Task to complete >>
What is needed is an exact copy of the whole listing below, with no pictures.

Data section >>
_____
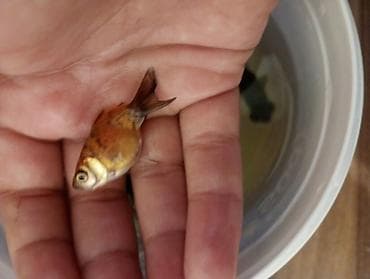 nemo baliq: Qızıl balıq, Sülhsevər — 3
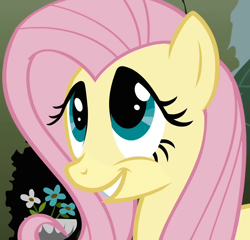 Size: 750x720 | Tagged: safe, imported from derpibooru, screencap, fluttershy, pegasus, pony, the return of harmony, bust, cropped, female, flower, looking up, mare, my little pony, smiling, solo, teeth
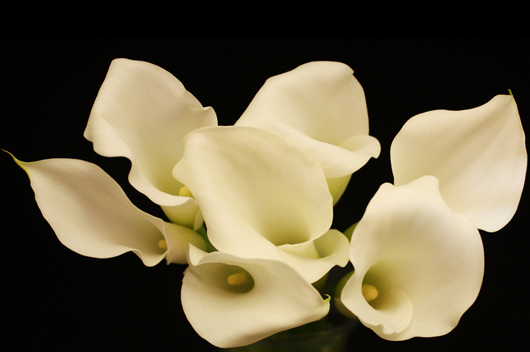 Crystal White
_____
Your solution >>
 nemo baliq: Qızıl balıq, Sülhsevər — 3
 Size: 750x720 | Tagged: safe, imported from derpibooru, screencap, fluttershy, pegasus, pony, the return of harmony, bust, cropped, female, flower, looking up, mare, my little pony, smiling, solo, teeth
 Crystal White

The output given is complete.